• [Material for this task]:
######
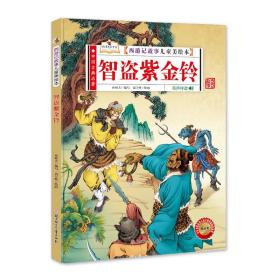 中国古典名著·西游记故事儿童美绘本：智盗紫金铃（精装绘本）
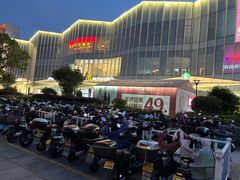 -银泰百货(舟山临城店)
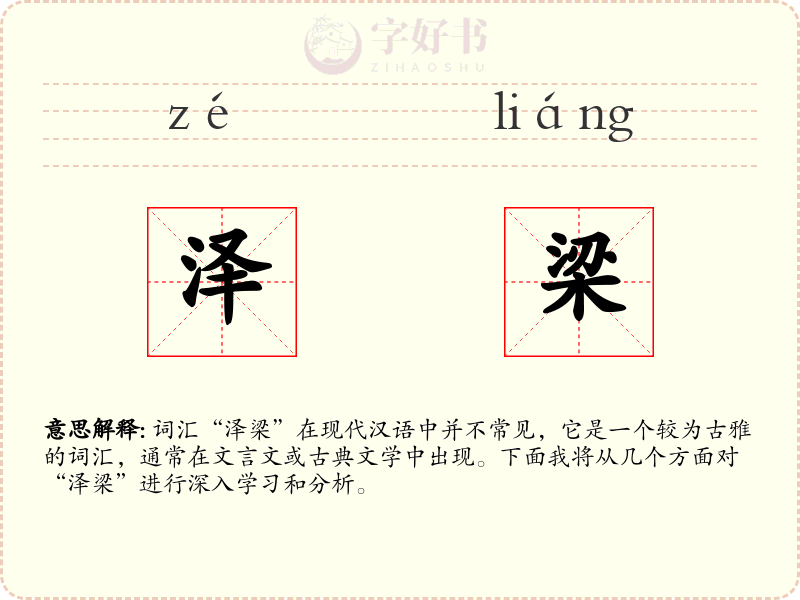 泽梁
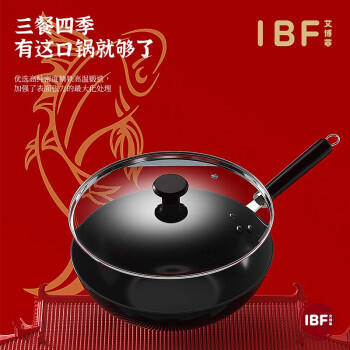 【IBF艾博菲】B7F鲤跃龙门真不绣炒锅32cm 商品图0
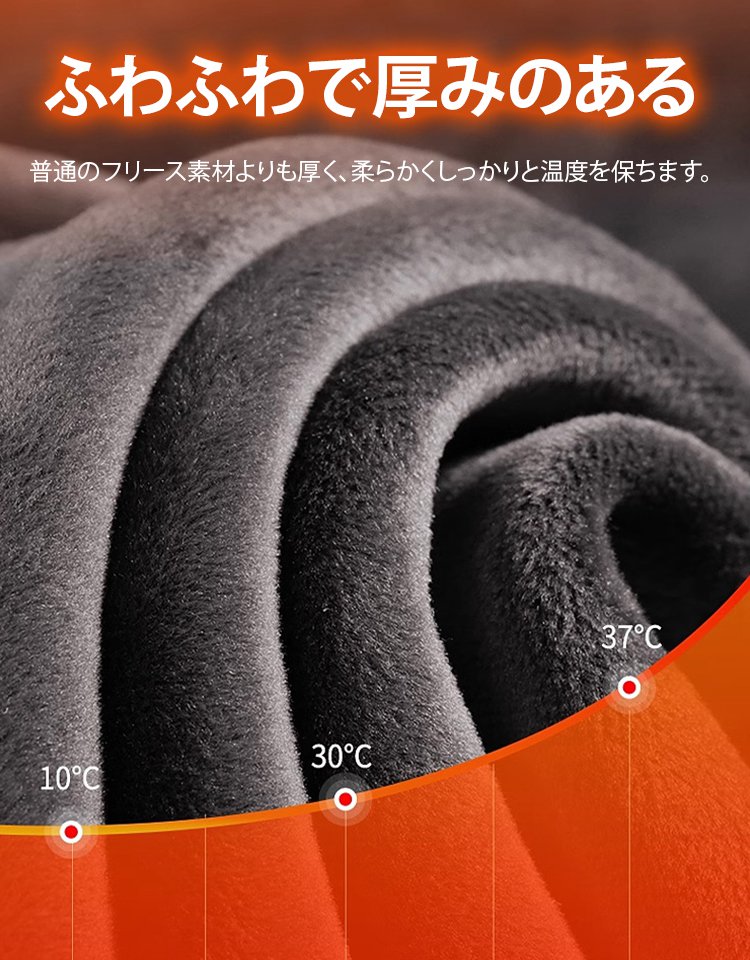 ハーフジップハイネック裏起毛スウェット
######
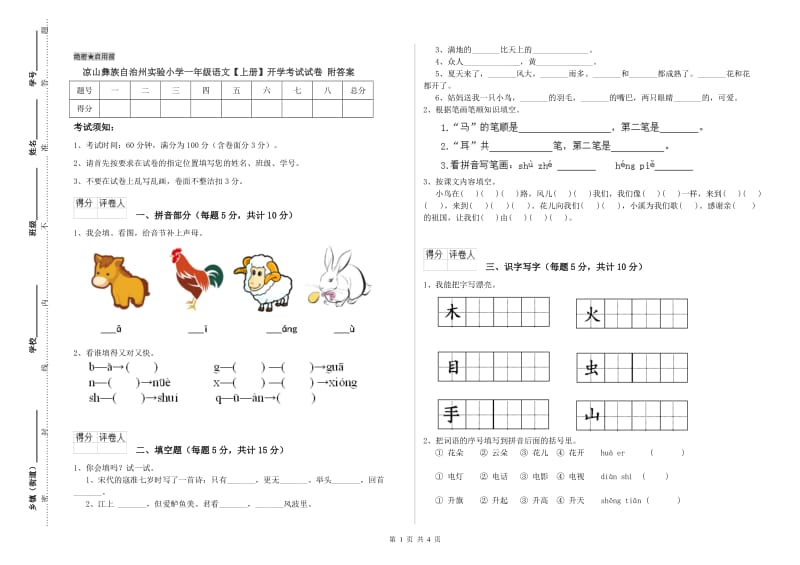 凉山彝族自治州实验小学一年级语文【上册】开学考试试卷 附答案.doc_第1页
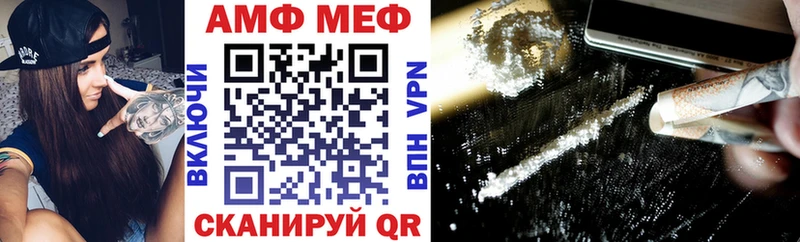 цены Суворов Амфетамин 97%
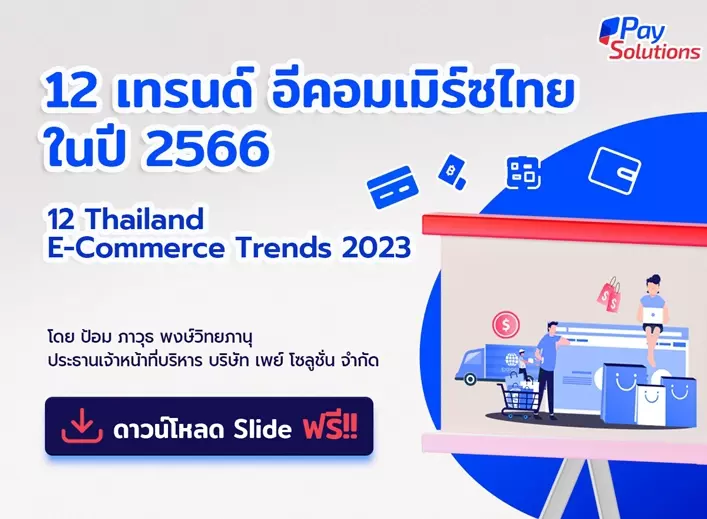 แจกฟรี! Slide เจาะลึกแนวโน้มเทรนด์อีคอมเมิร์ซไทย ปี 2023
######
• [Prompt]: Exactly the lines starting at the one above with "中国古典名著·西游记故事儿童美绘本：智盗紫金铃（精装绘本）" and ending at the one with "ハーフジップハイネック裏起毛スウェット" should be printed, and nothing else. Omit the pictures.

• [Response to this exercise]:
 中国古典名著·西游记故事儿童美绘本：智盗紫金铃（精装绘本）
 -银泰百货(舟山临城店)
 泽梁
 【IBF艾博菲】B7F鲤跃龙门真不绣炒锅32cm 商品图0
 ハーフジップハイネック裏起毛スウェット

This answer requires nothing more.